The C64 level-platform was needed at the time because the industry hadn't figured out how to make the O/S tell applications about it's hardware environment, and the apps had to directly access hardware to run.
With a modern O/S, like Linux, these are no longer concerns for the application developer. Consider that we now see a vast array of applications written for Linux that run just fine on systems ranging from an old 486, to a 64-bit AMD, to a hyper-threading, multi-core, multi-processor, NUMA system, and you realize just how irrelevant the level-platform concept has become.
Even for a really low-end system like the "$100 laptop", it's no longer important to have a static hardware platform. It only needs to have a stable O/S, a reasonably static ABI, and very high reliability to succeed in it's targeted application.
The last time I wrote anything (other than system-level software, like device drivers) that made any assumptions about the hardware environment, was 1992, and that was only because it had to run on MS-DOS and still access the graphics system. Everything else I've written in that time has often been O/S specific, but hasn't made any assumptions about hardware, except that the hardware could run the O/S without killing itself.
In cases where software needs access to specific hardware capabilities, all modern O/S environments provide the ability to query the O/S about capabilities, and often the O/S will still report the capability exists because it can emulate the requested hardware (OpenGL is often emulated in Linux on poorly supported graphics cards, for instance).
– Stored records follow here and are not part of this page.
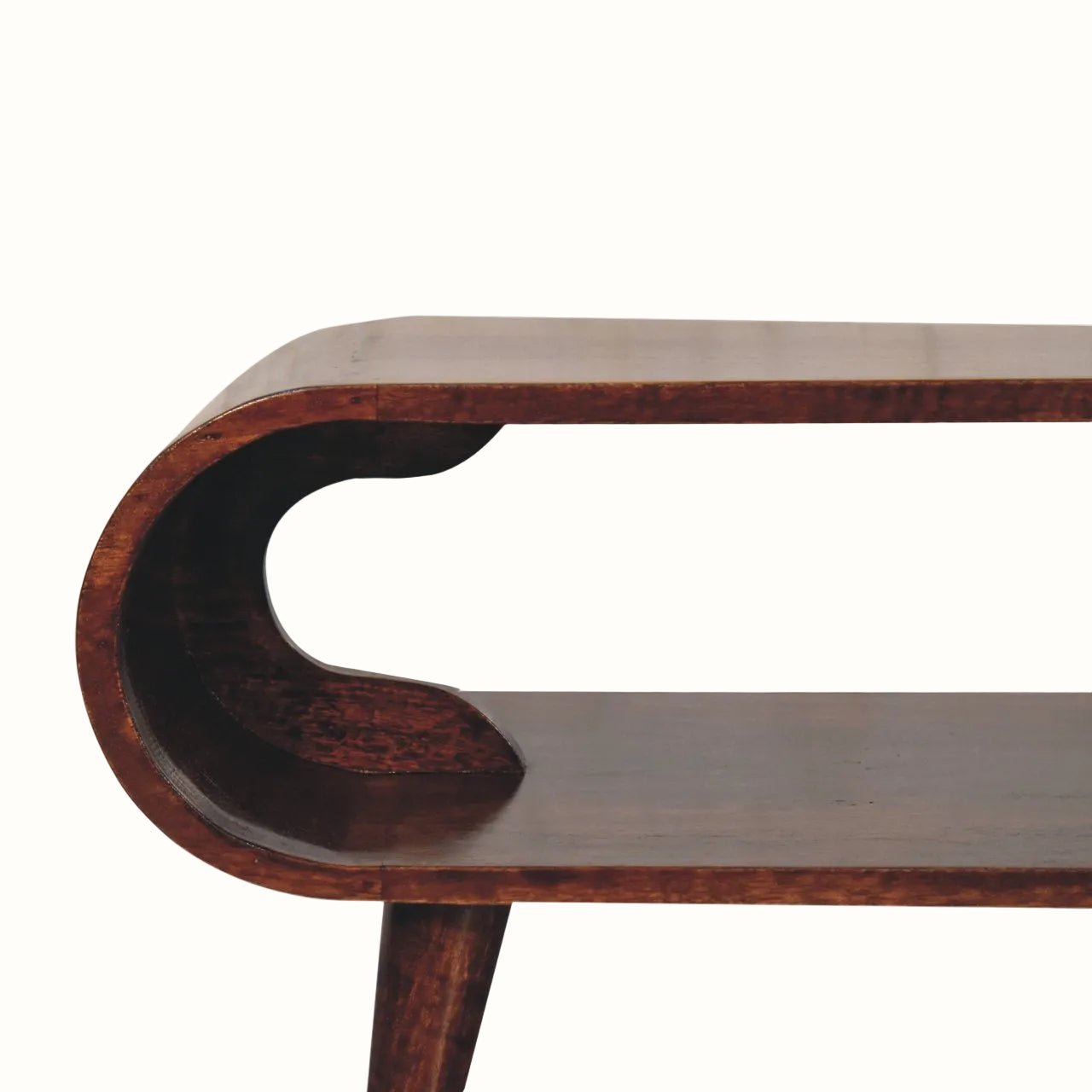 Laurie Open Slimline Coffee Table, Medium - California Walnut Coffee Tables - Bokel Home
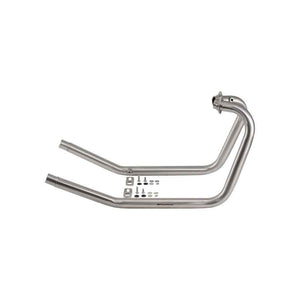 Powerage Performance Headers For Royal Enfield GT / Interceptor 650 Brushed Steel Finish - Upto 2024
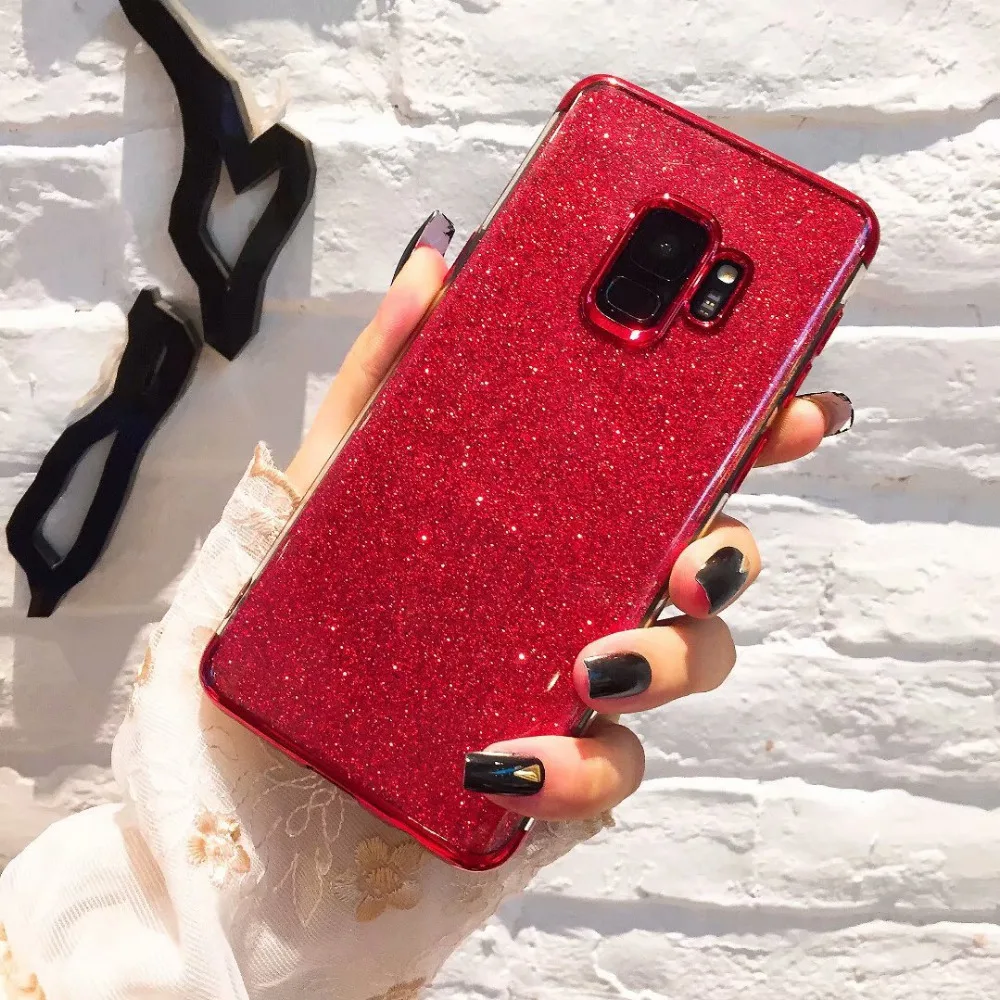 Сельма покрытие Блеск ТПУ чехол для телефона samsung S9 S8 плюс S6 S7edge A5 A7 J5 J7 Note9 A6 A8 2018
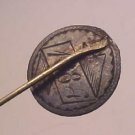 1884 SILVER DIME LOVE TOKEN MADE IN TO STICK PIN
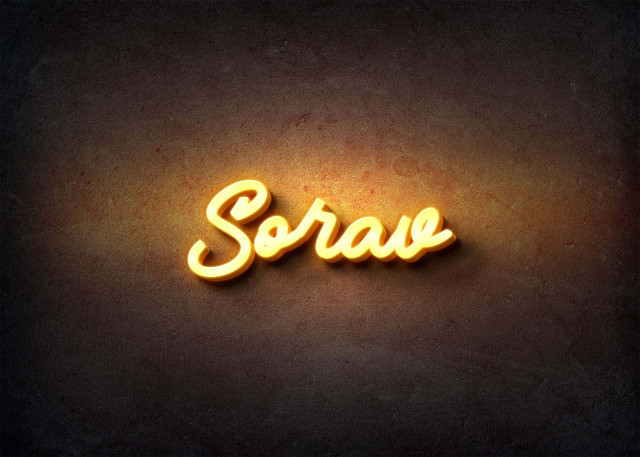 Free photo of Glow Name Profile Picture for Sorav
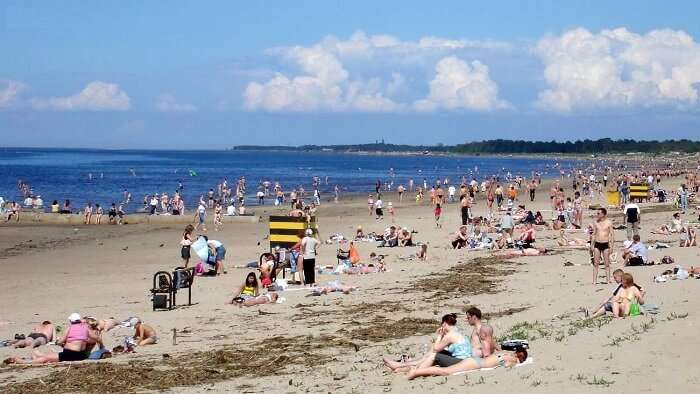 Beach Yagrinskiy, Severodvinsk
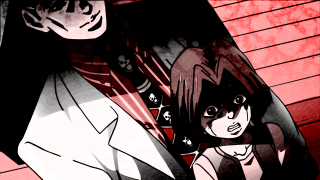 Man woman red background black - vanita free wallpaper for desktop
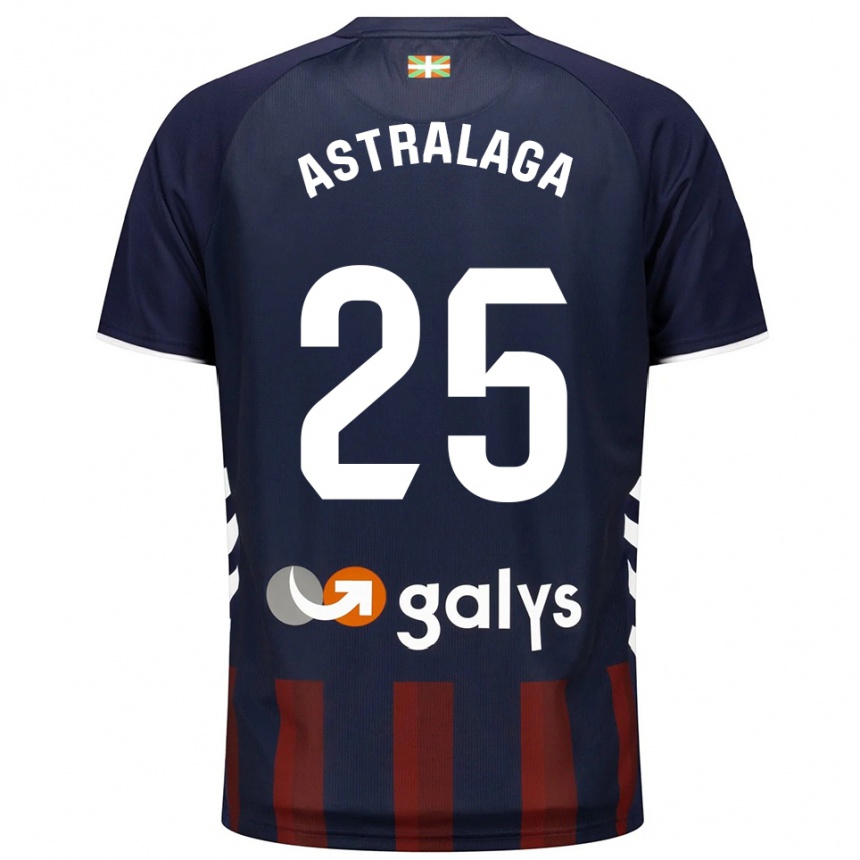 גברים כדורגל Eunate Astralaga Aranguren #25 כחול נייבי אדום ג'רזי ביתית 2025/26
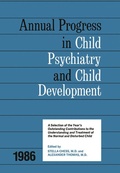 Cover: 1986 Annual Progress In Child Psychiatry - Routledge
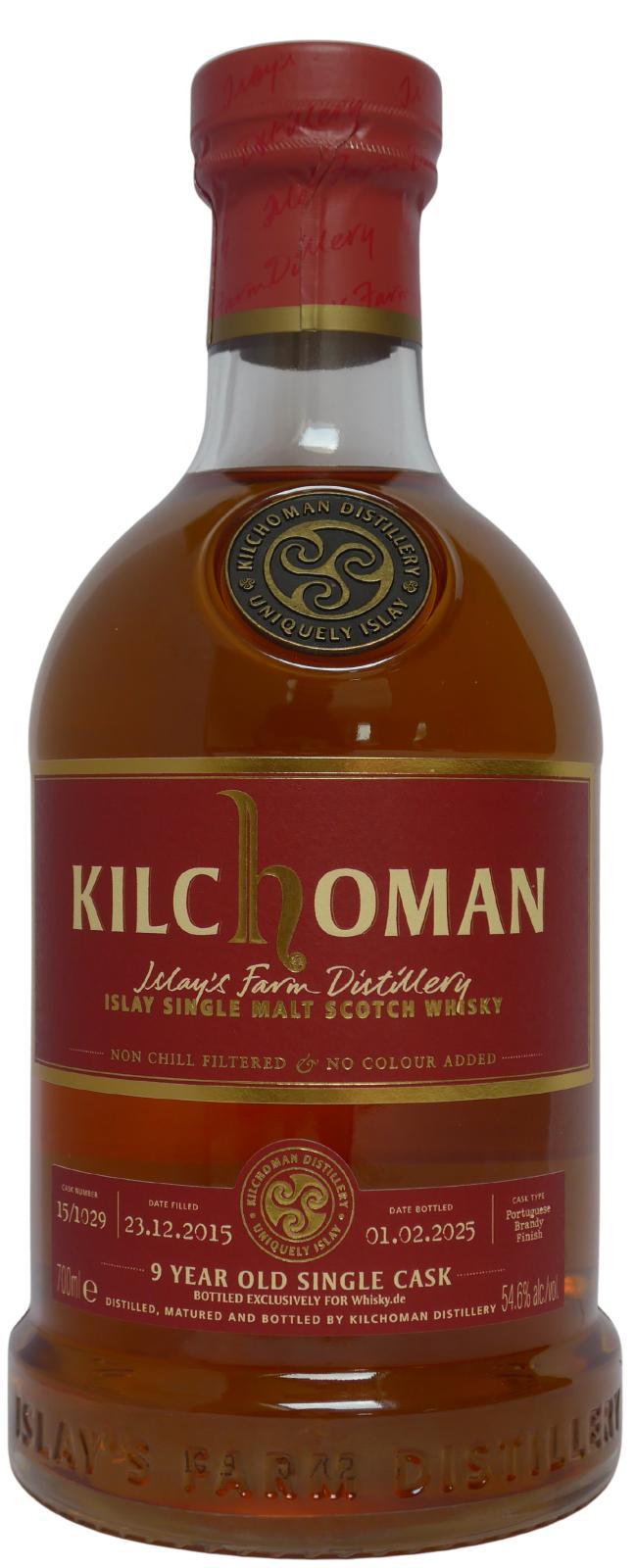 Kilchoman 2015  Single Cask Release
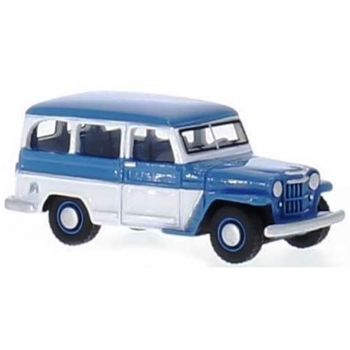 Jeep Willys Station Wagon, 1954, blau/weiß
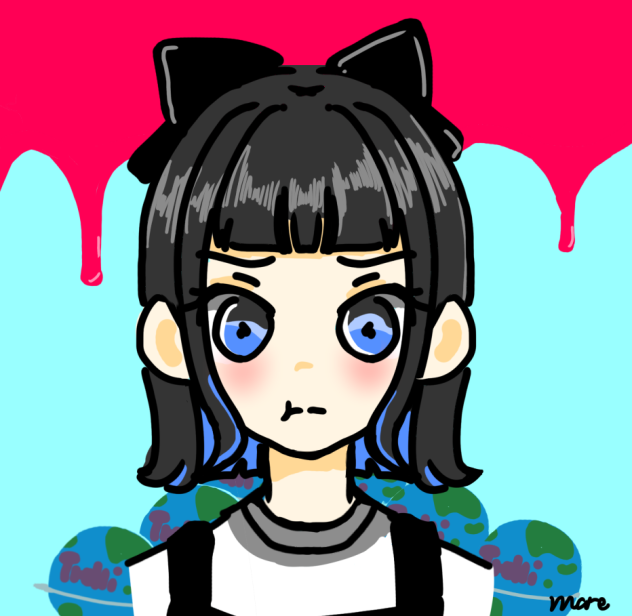 地球グミの擬人化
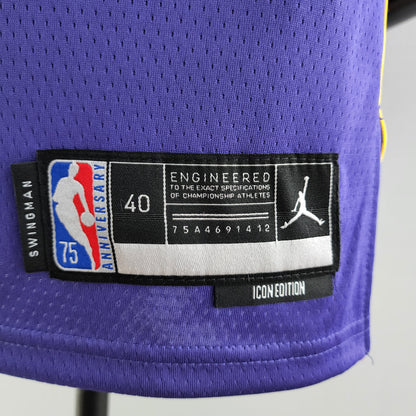 NBA Lakers #95 Toscano Purple Jersey - 23/24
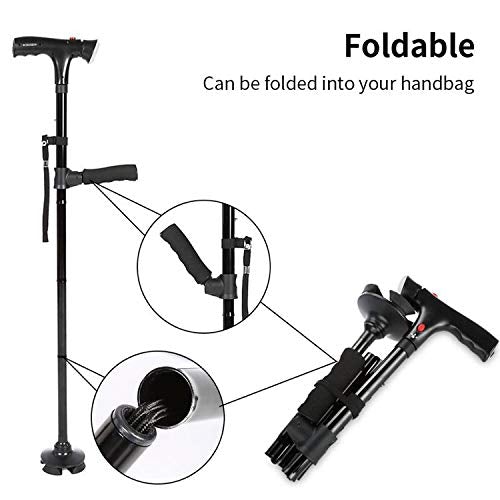 AeroAssist LED Folding Cane for Safe Everyday Mobility | Lersk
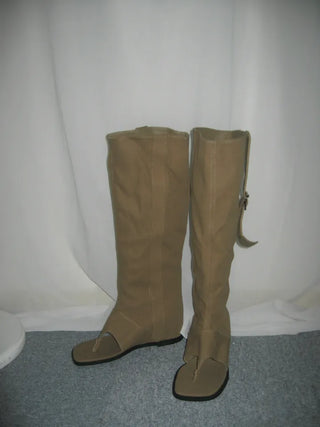 Buckle flip-flops hidden heel boots summer belt eyelet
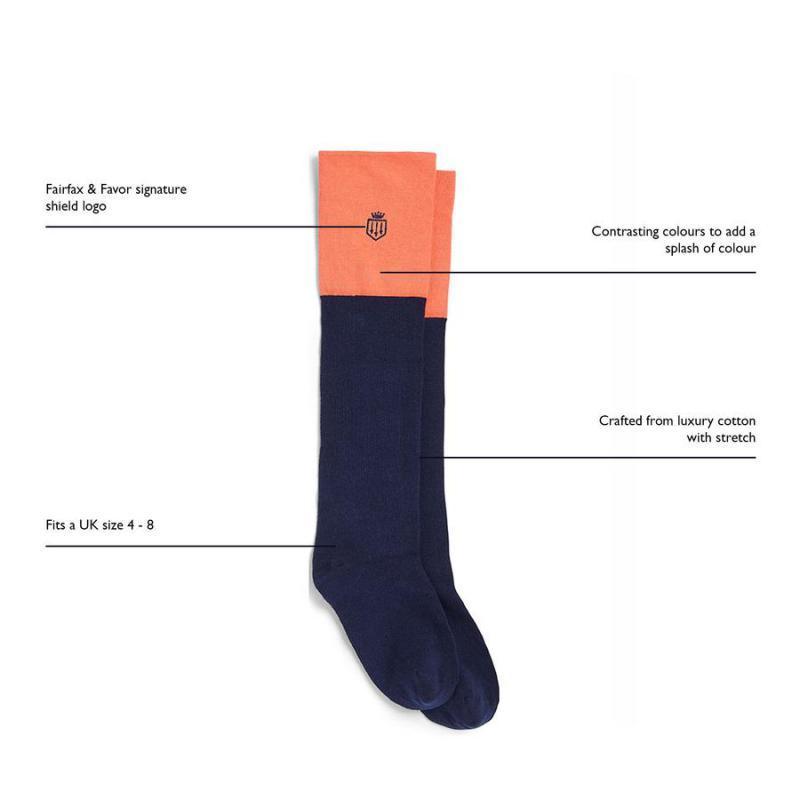 Fairfax & Favor Signature Knee High Socks Gift Pack - Jade/Coral/Blush Pink - William Powell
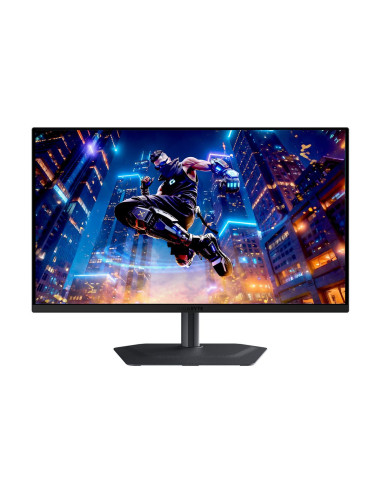Gigabyte MO27Q3 27" QD-OLED QHD 360Hz žaidimų monitorius – vaizdas iš priekio, didesnis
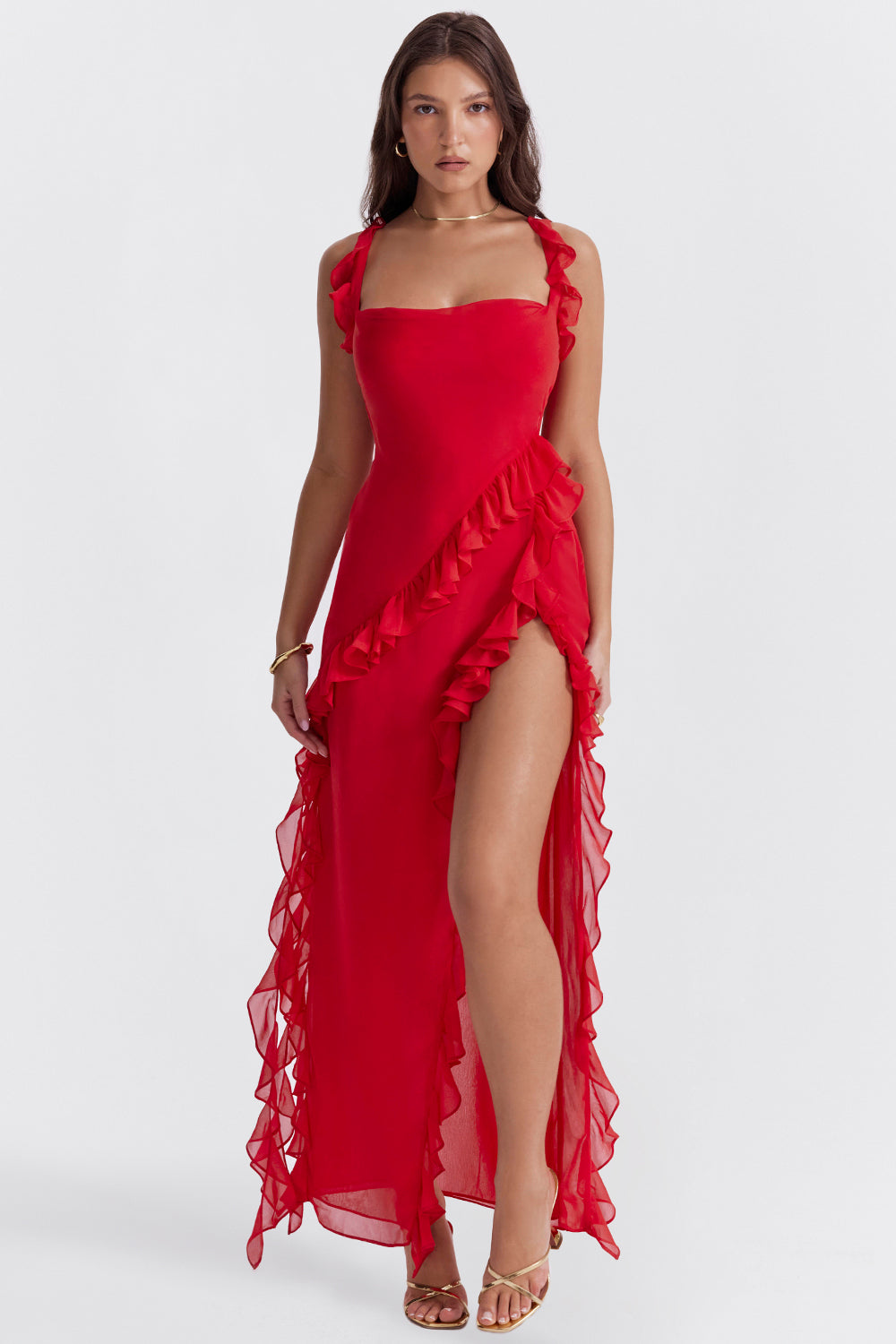 RED MAXI DRESS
There's no real need for hardware modularity either, the system is intended for an environment of low technological sophistication and extremely limited resources, so the systems are expected to be kept in service at original spec for 8-10 years, forever to us, but a really short lifecycle compared to what the users are used to from their existing technologies.
If I read the available information correctly, the system is completely non-upgradeable, it's a completely sealed unit (except for the battery).
==Joseph++
FoulDragon at aol.com wrote:
> In a message dated 10/8/2005 12:49:00 PM US Mountain Standard Time,
> unixprgrmr01 at netscape.net writes:
>
>
>>The solution is simple... "plug &play"?!?!? modular upgrade parts
>>consistent with the same inexpensive pricing as the original. If well
>>designed ( and it looks like it IS!) this will be a matter of course.
>>Lynn
>
>
> -Modularity costs extra.
> -It may add problems (connectors get damaged or dirty or corroded in the
> wrong environment, the modules can be popped out and-or stolen leaving the
> customer unable to fix it himself)
> -It still eliminates the "level platform". Wether I'm spending $20 for the
> upgrade or $100 for a full new machine, there's now two types of $100 lappie
> out there, and that means you can't make nearly as many assumptions on software.
>
> Even a nonperformance change can have impact.
>
> Boost runtime on a charge from 30 minutes to 50, and apps hard-coded to
> assume a 30 minute battery life and save at 25 minutes will be in the middle of a
> save cycle when the new machine shuts off.